Still, even a “generic” — or system — bid at the seams “does not have the same type of accuracy as an internal market bid,” Rothleder said.
“Frankly speaking, if it were up to us, we’d want to know where those [external] sources are coming from and accurately model them,” Rothleder said. “Uplift costs can be significant. We don’t want to extend that inefficiency to the EIM without knowing what we’re doing.”
Fifteen-minute “generic” bids at the seams have another shortcoming. That’s because the EIM dispatches beyond that interval down to the five-minute level, where resources can provide services other than just energy, such as flexible ramping capability to account for uncertainty from renewable output forecasts.
“The point is, generic bidding at a 15-minute level might not be offering all the services we need,” Rothleder said.

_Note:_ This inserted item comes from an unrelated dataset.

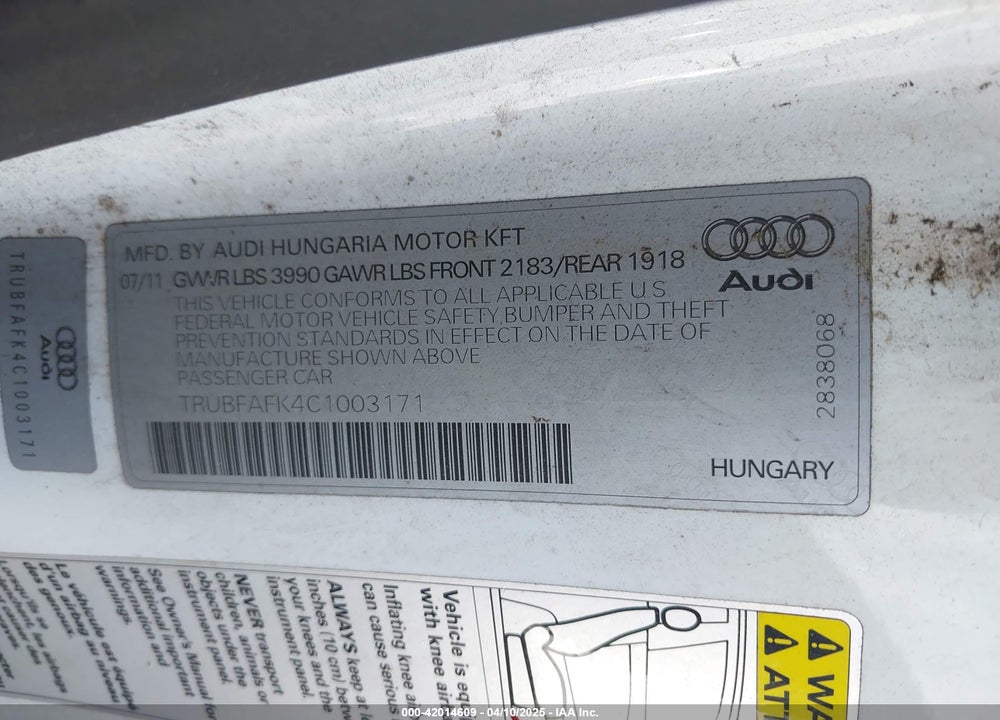 2012 AUDI TT VIN: TRUBFAFK4C1003171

Economic intertie bidding poses additional challenges for the market:
Intertie bids are currently not subject to market power mitigation, but mitigation and default energy bids — which reflect a unit’s marginal operating costs — are required by the EIM.

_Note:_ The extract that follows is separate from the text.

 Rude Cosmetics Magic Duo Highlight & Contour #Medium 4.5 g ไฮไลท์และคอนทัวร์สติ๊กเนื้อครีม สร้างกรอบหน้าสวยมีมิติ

Uncertainties regarding the transmission policy and compensation scheme required to facilitate EIM participation by external resources.
Lack of metering, greenhouse gas accounting, responsiveness monitoring and control of external resources.
The first step in addressing those challenges: stakeholder agreement on the principles underpinning a solution.
“If everyone agrees to discuss the principles, we think we can find a way to extend EIM participation to other areas,” Rothleder said.
Participation Voluntary
He emphasized that any solution must first recognize that participation in the EIM is voluntary — external resources are not subject to a must-offer obligation. Balancing authorities outside the market must retain their ability to dispatch resources, serve load and balance their own areas.
The proposal must also address the transmission requirements for external resources to participate in the market. And while compatibility with the region’s existing system of bilateral trades is considered another key principle, so is compatibility with the EIM’s current process — which would entail the kind of flow-based modeling of resources necessary to manage congestion.
CAISO also wants external resources to be comparable to those already participating in the EIM. That would require those resources having 15-minute scheduling and five-minute dispatch capability, as well as meeting data exchange, settlements and metering requirements in order to verify delivery.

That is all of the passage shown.